The government has secured 85.629 billion birr (around $3.1 billion) external financing in the first six months of its current fiscal year started July 8, 2028.
The money has come in the form of loan and aid, according to Haji Ebsa, Public Relations head of the Ministry of Finance of Ethiopia, who briefed journalists on Friday. Of the total around $2 billion came as aid and external assistance while the remaining was loan.
The sources of finance include from countries and multilateral organizations such as, the World Bank, African Development Bank.
When the reformist Prime Minister Abiy Ahmed took power last March, the country was experiencing severe financial shortage and liquidity. But it didn’t take much time for Prime Minister Abiy to secure $3 billion investment from the government of the United Emirates, of which one billion was deposited immediately into the central bank – the National Bank of Ethiopia.

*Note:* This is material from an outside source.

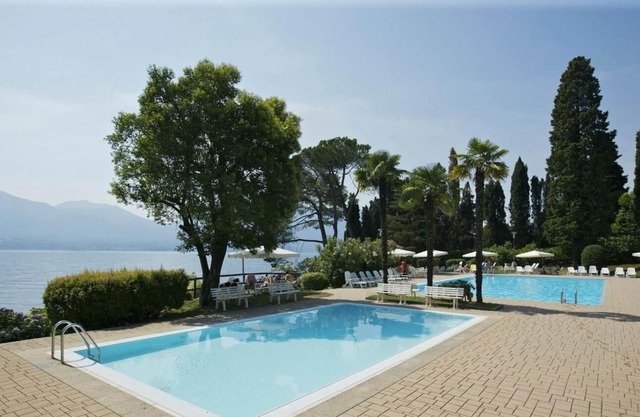 Modernly furnished 1 room studio apartment with balcony, pool and lake access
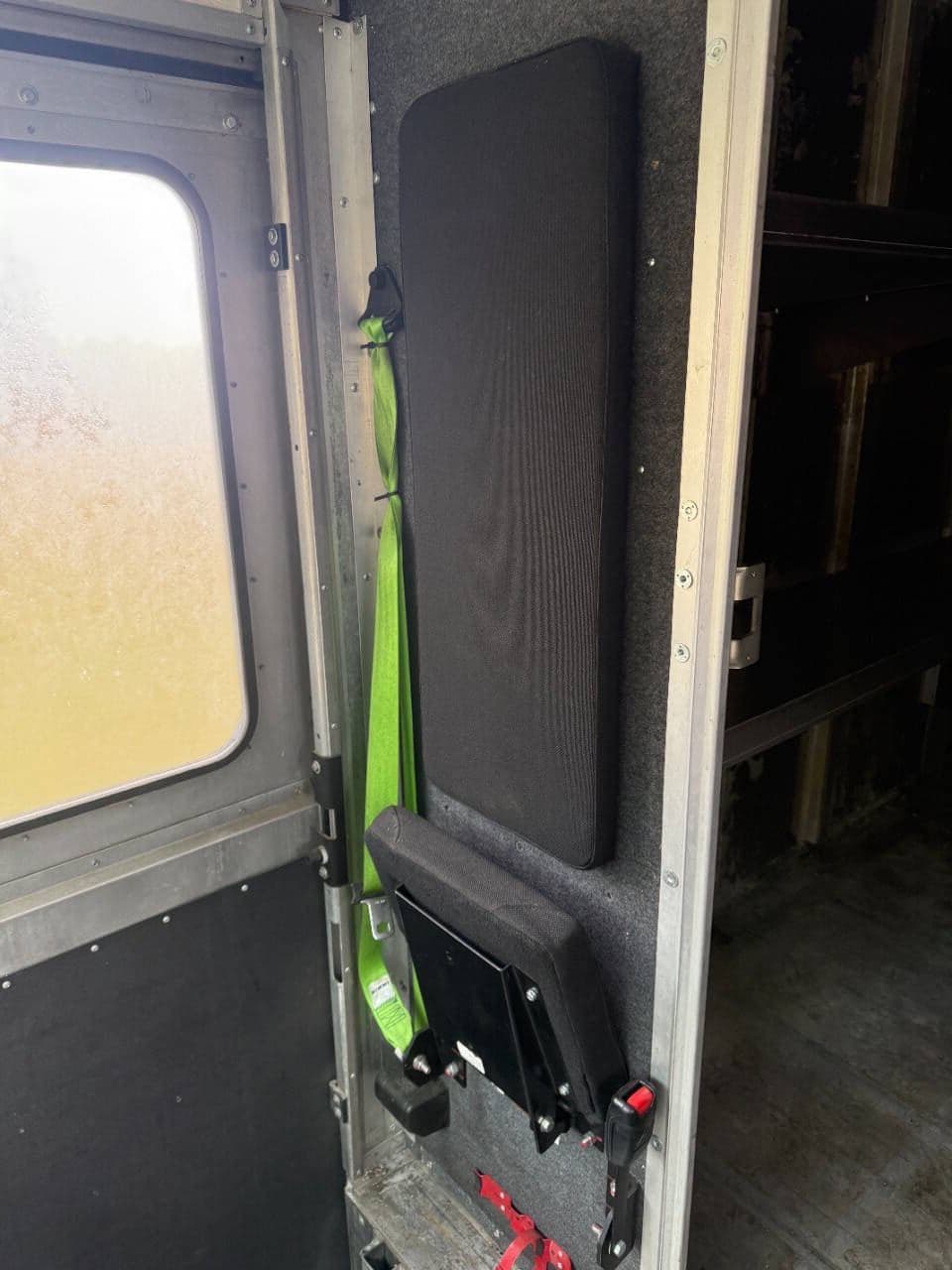 2019 Ford Stripped Chassis image 18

The shortage of hard currency and the pressure from the lenders such as China, has also forced the government of Ethiopia to launch privatization process of the mega state enterprises such as, Ethio telecom, Ethiopian Airlines and its power company and shipping lines, among others.
Justifying why it is going to privatize the mega state enterprises, the government has indicated that Ethiopia’s external debt has exceeded $26 billion dollars moving the country into the highly indebted countries category. Currently Ethiopia’s total debt represents 44% of its GDP. Ethiopia’ s total debt two years ago was 30.7% of its GDP, according to the IMF.